My Fargate Startup is Slow: An Investigation into Docker Layer Optimization

graph of average download speed per layer of optimal 3 layer image

This is a blog post version of the talk I recently gave at AWS User Group Ljubljana, the slides of which are here.

The Problem

At work we built a docker image for our production ML workload. At 2700 MB, it was… let’s say “substantial.” The image contained everything we needed: ML models, multiple language runtimes, and all the application assets required to run our service.

The challenge? We needed to deploy this to AWS Fargate, and startup time was 55 seconds. For context, AWS Fargate is a serverless container service – you get docker containers without having to manage servers, handle scaling, or deal with infrastructure. But 55 seconds from “run task” to “container ready” felt painfully slow.

Could we make it faster?

Initial Ideas

I started with the usual suspects for docker image optimization:

Build-time optimizations:

  • Remove unnecessary files (caches, node_modules, etc.)
  • Use multistage builds
  • Switch to smaller base images (alpine instead of ubuntu)
  • Organize layers to maximize cache hits (not actually relevant since Fargate doesn’t use cache)

And then thought of some unusual suspects for docker image optimization:

Post-build optimizations:

  • Deduplicate files by turning copies into links
  • Use zstd compression instead of gzip
  • Reorder files within layer tar files
  • Redistribute files across layers

In this post I’ll dive into the last idea. I also tried deduplicating files which helped quite a bit, and also reordering files which saved about 1-2% of the compressed docker image size.

Docker Images Are Just Tars in Tars

Here’s what you see if you extract a docker image file:

The blobs directory has tar files of layers, and their details and order are specified in manifest.json:

Extracting the tar file of a layer shows the actual files we’d see had we run a container with the image. For the alpine image I got above there is a single layer, and we can see it’s files like this:

The key insight: we can distribute our image files across layers however we want. Docker images are just tar files containing other tar files. The manifest.json file points to each layer’s tar, and those layers stack on top of each other to form the final filesystem.

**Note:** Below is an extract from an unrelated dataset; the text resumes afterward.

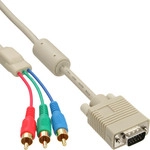 InLine&reg; VGA RGB Kabel, VGA Stecker an 3x Cinch Stecker, 2m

This meant layer redistribution wasn’t just possible – it might be powerful if we understood how Fargate downloads and extracts images.

How Does Fargate Get Images?

I found a blog post of AWS where they say that Fargate uses containerd under the hood.

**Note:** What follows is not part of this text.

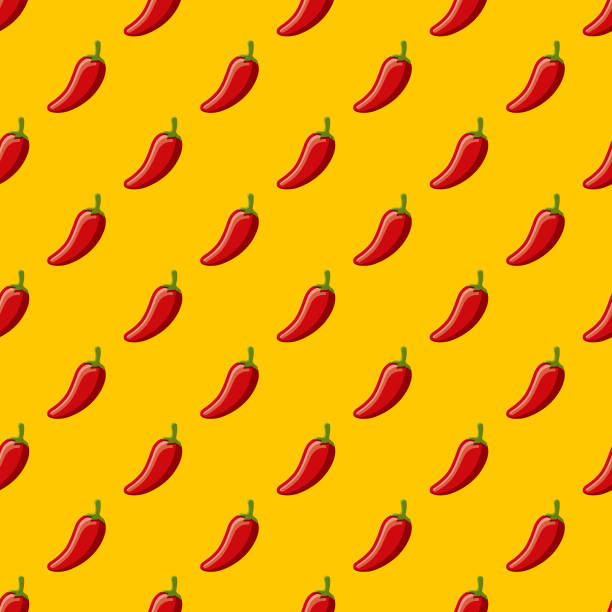 Spicy Pepper Cinco de Mayo Seamless Pattern A seamless pattern created from a single flat design icon, which can be tiled on all sides. File is built in the CMYK color space for optimal printing and can easily be converted to RGB. No gradients or transparencies used, the shapes have been placed into a clipping mask. chili pepper pattern stock illustrations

So containerd is the container runtime that powers Fargate (it identifies itself as containerd/2.0.5+unknown). Reading through the code revealed the download process:

  1. Layers download in parallel – all layers start downloading simultaneously
  2. Layers extract in sequence – but they must extract in order, one at a time

This creates an interesting optimization problem. If we have three layers:

  • All three start downloading at once (sharing bandwidth)
  • Layer 1 extracts as soon as it finishes downloading
  • Layer 2 extracts as soon as BOTH: it finished downloading AND layer 1 finished extracting
  • Layer 3 extracts as soon as BOTH: it finished downloading AND layer 2 finished extracting

The total time is determined by the interleaving of these parallel downloads and sequential extractions.

Measuring Download Speed: Build Your Own Registry

To optimize layer sizes, I needed to know the actual download and extraction speeds. Time for an experiment.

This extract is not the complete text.